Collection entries
- - -

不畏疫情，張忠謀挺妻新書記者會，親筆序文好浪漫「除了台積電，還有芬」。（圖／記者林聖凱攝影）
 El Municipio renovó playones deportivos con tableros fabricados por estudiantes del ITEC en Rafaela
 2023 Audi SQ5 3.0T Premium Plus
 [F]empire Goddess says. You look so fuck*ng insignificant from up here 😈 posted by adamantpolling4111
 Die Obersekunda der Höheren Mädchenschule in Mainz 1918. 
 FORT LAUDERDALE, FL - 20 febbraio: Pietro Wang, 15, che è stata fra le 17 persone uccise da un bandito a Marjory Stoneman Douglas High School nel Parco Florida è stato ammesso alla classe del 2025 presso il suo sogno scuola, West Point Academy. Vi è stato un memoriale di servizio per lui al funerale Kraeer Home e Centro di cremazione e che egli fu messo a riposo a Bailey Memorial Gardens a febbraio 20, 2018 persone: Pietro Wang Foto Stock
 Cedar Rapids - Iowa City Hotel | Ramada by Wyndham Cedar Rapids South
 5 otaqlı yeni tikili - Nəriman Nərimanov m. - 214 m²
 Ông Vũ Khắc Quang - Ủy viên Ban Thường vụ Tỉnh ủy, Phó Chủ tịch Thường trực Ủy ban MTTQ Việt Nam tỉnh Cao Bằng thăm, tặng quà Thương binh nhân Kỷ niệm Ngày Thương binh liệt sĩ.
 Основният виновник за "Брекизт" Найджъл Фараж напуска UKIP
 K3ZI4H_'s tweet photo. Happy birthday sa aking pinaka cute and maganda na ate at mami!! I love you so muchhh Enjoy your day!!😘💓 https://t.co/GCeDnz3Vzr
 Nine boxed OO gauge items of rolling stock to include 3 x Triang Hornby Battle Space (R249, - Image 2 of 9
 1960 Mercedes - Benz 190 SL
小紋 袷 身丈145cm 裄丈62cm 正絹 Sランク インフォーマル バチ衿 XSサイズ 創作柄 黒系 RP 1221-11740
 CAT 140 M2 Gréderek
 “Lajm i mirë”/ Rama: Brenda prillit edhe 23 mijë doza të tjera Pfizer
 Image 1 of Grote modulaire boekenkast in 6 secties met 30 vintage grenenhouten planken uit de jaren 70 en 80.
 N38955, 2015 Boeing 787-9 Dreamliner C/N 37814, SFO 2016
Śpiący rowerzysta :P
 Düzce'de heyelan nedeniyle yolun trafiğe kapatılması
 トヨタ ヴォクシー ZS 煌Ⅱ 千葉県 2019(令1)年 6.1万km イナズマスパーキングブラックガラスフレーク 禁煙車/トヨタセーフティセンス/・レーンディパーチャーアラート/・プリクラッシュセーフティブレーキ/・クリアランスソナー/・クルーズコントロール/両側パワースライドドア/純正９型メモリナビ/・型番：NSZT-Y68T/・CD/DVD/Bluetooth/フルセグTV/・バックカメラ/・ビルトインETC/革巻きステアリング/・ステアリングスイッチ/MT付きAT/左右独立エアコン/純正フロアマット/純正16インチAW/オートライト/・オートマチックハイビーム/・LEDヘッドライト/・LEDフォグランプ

- - -

## PROMPT
Look above for the line holding "K3ZI4H_'s tweet photo.", then set down exactly that line and every line after it up to and including the line holding "Düzce'de heyelan nedeniyle", with nothing else.

## OUTPUT OF THE TASK
 K3ZI4H_'s tweet photo. Happy birthday sa aking pinaka cute and maganda na ate at mami!! I love you so muchhh Enjoy your day!!😘💓 https://t.co/GCeDnz3Vzr
 Nine boxed OO gauge items of rolling stock to include 3 x Triang Hornby Battle Space (R249, - Image 2 of 9
 1960 Mercedes - Benz 190 SL
小紋 袷 身丈145cm 裄丈62cm 正絹 Sランク インフォーマル バチ衿 XSサイズ 創作柄 黒系 RP 1221-11740
 CAT 140 M2 Gréderek
 “Lajm i mirë”/ Rama: Brenda prillit edhe 23 mijë doza të tjera Pfizer
 Image 1 of Grote modulaire boekenkast in 6 secties met 30 vintage grenenhouten planken uit de jaren 70 en 80.
 N38955, 2015 Boeing 787-9 Dreamliner C/N 37814, SFO 2016
Śpiący rowerzysta :P
 Düzce'de heyelan nedeniyle yolun trafiğe kapatılması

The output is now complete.